9 août 2011

Sorcellerie, j'y crois pas.

Riehen, près de Bâles entre juin et septembre 1991. Une italo-suissesse AF de 43 ans est venue me trouver, accompagnée d'une suisso-malgache, que ça rime bien, parce qu'elle se sentait envoûtée par son ami camerounais qui, selon ses propres mots, l'avait ensorcelée. Elle avait des courbatures, et très mal au cou. Elle avait l'impression que cet homme contrôlait "de façon occulte" sa vie: "Il me cherche", s'est-elle écriée soudain. "Cela ne m'étonnerait pas qu'il apparaisse ici, alors que je ne lui ai pas dit que je venais ici."
J'ai coupé la conversation: "Sorcellerie, j'y crois pas. S'il apparaît ici, cela signifie simplement qu'il vous a suivies, à votre insu. Si vous avez mal au cou et des courbatures, soumettez-vous à une séance de massage".
- "Vous n'y comprenez rien, tout africain que vous êtes. Cet homme possède des pouvoirs, un troisième oeil".
- "Je crois que nous ne pouvons pas continuer cet entretien, Madame. On ne sera jamais d'accord".
Quelques jours plus tard, elle est retournée me voir. Je me suis excusé d'avoir interrompu l'échange de la fois précédente.

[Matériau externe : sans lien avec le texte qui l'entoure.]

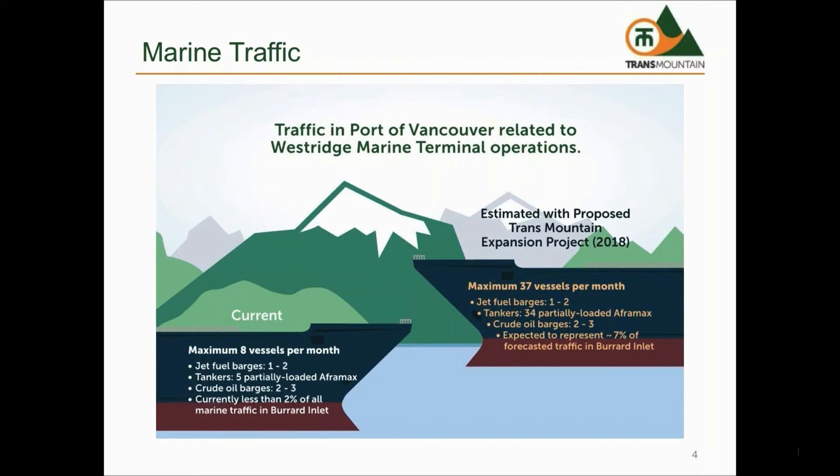The proposed expansion will be based on accommodating the same size tankers that it currently accommodates today, which are Aframax size tankers. All tankers will continue to be loaded to a maximum of 85% capacity. Dredging of the second narrows is not proposed as part of the expansion project, and any dredging, should it occur, would not be led by Trans Mountain.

- "Pas de quoi! Entre-temps, je suis allée à St Louis, la ville française proche de Bâles, trouver un professeur ouest-africain spécialiste des problèmes de santé, de chance, de succès, d'amour, voire de stérilité. Après avoir entendu mon récit, il m'a demandé de mettre dans une enveloppe deux billets de chaque valeur existante en francs suisses - dix, vingt, cinquante, cents, cinq-cents, mille - ; de placer cette enveloppe sous mon oreiller pendant trois jours. Et le troisième jour très tôt, sans oser faire la toilette ni me retourner, aller droit lui remettre cette enveloppe. Il opérera ses miracles, une fois ce rite préliminaire dûment accompli. Ne pas regarder en arrière jusqu'à St Louis, c'est impossible. Et je trouve que c'est trop d'argent pour un rite; c'est presque tout mon salaire. Que dois-je faire?"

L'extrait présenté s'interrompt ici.